* **WHAT TO WORK ON**: If pictures appear in the lines below, skip them and copy exactly the lines from the one containing "Седан Audi A4 2015 в Чернигове" through the one containing "Блок управления климат-контролем", and nothing else.

* **Extracted data entries**:
===============

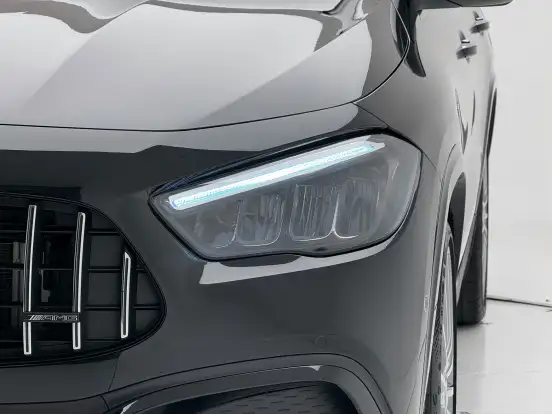 MERCEDES-BENZ-GLA 35 AMG-2024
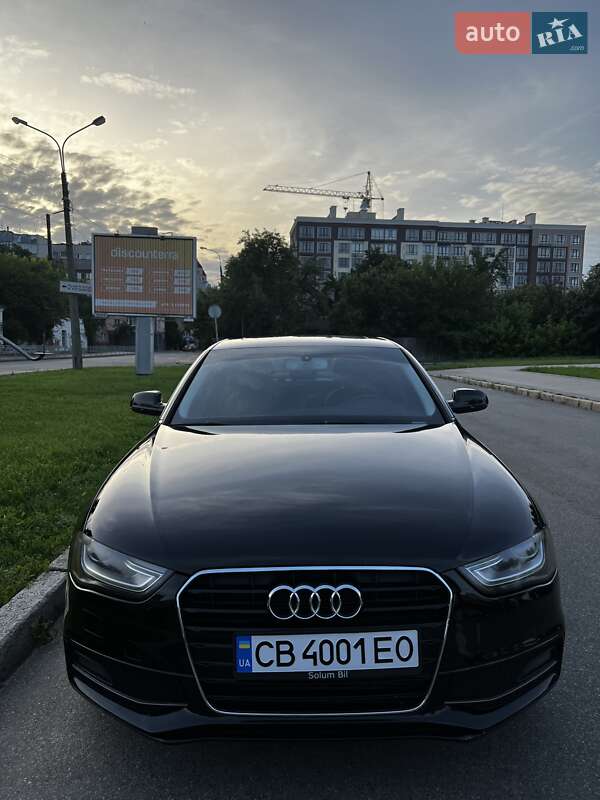 Седан Audi A4 2015 в Чернигове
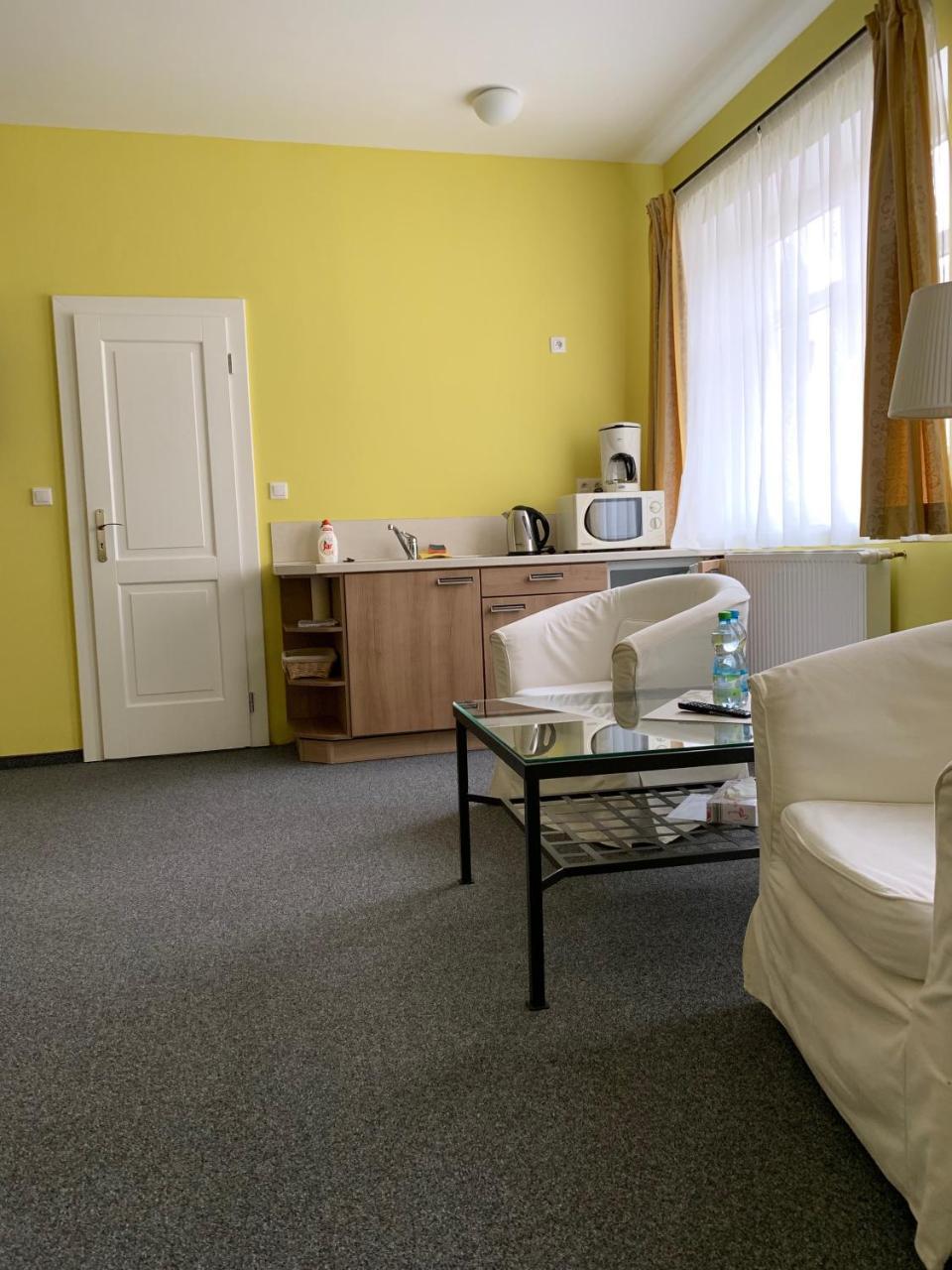 Mariánské Lázně Apartma La Provence מראה חיצוני תמונה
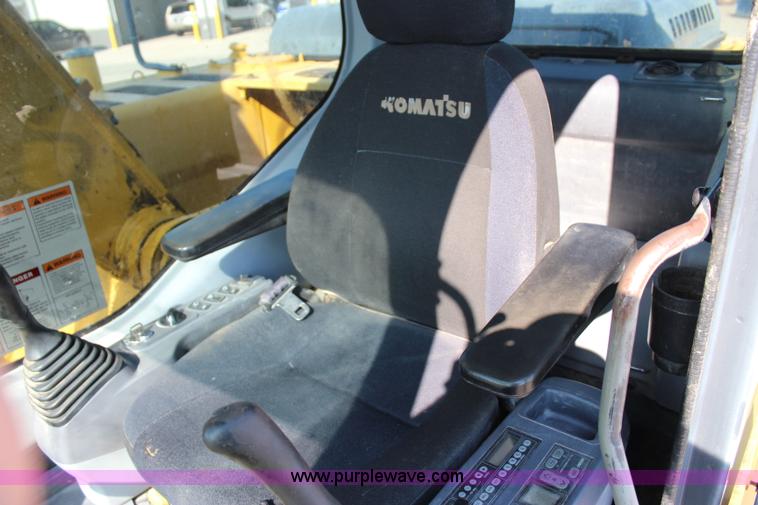 image for item I1633 2007 Komatsu PC200LC-7 long reach excavator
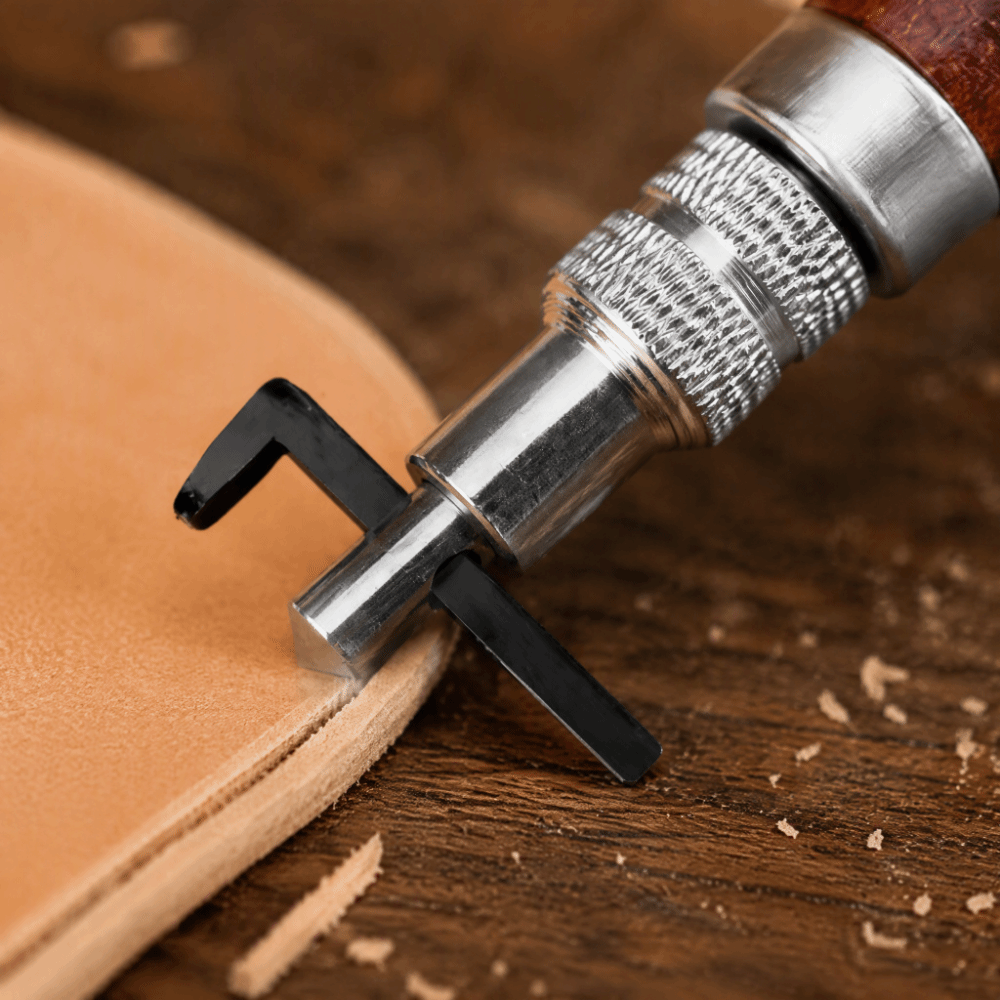 Adjustable Depth Leather Groov - огляд і ціна Groover Stitching Tool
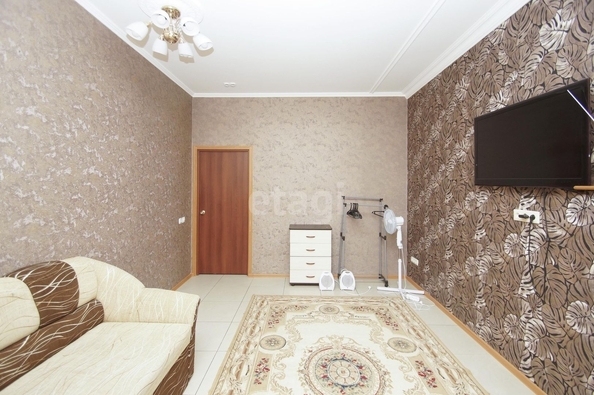 
   Продам дом, 306.3 м², Омск

. Фото 19.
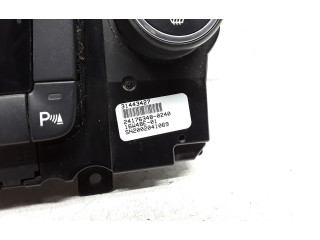 Блок управления климат-контролем 31443427   Volvo V60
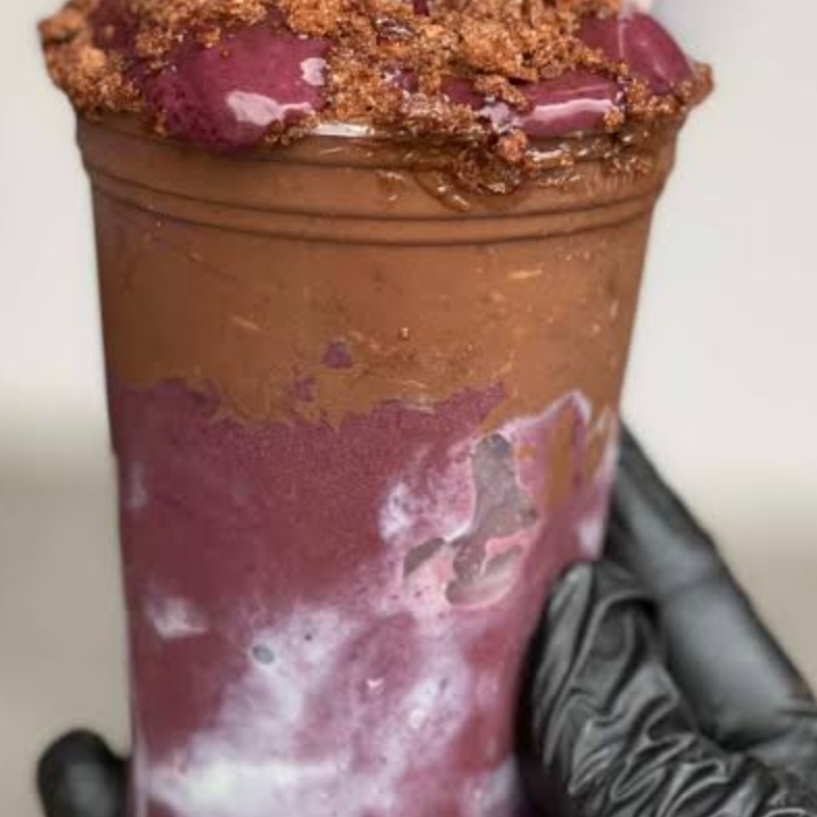 Açaí 700ml, leite condensado, chocoballs, creme de avelã e ovomaltine.
Obs.: nessa versão NÃO vai morango.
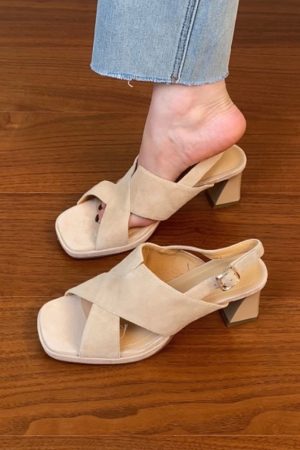 Sanded Sheepskin Cross-Strap Chunky Heel Open-Toe Sandals for Women - Summer 2025 Black Roman High Heels Fashion Footwear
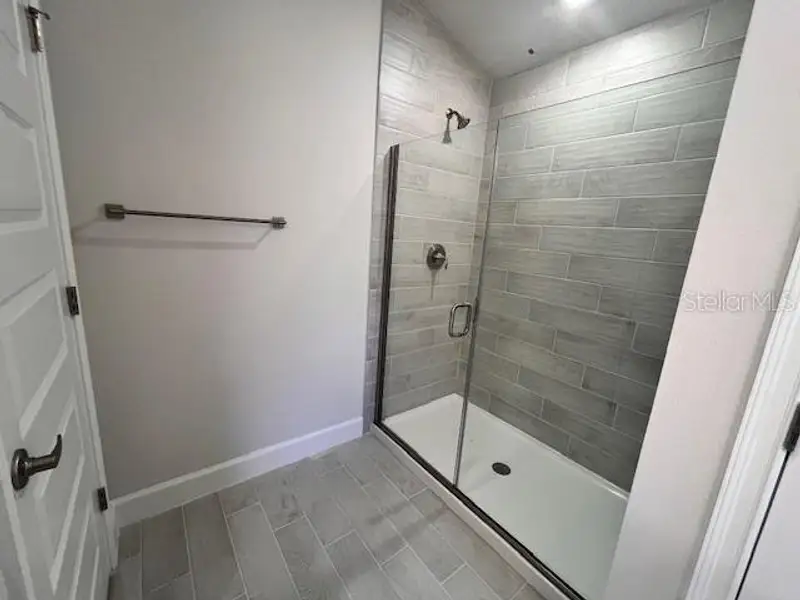 Image 9 of a home in Abbey Glen.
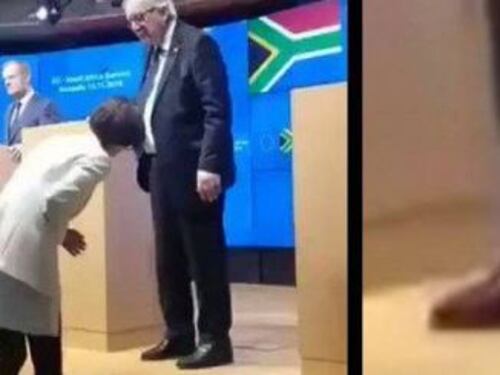 Juncker con le scarpe spaiate in conferenza. Ma è una bufala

===============

* **ANSWER BOX**:
 Седан Audi A4 2015 в Чернигове
 Mariánské Lázně Apartma La Provence מראה חיצוני תמונה
 image for item I1633 2007 Komatsu PC200LC-7 long reach excavator
 Adjustable Depth Leather Groov - огляд і ціна Groover Stitching Tool
   Продам дом, 306.3 м², Омск

. Фото 19.
 Блок управления климат-контролем 31443427   Volvo V60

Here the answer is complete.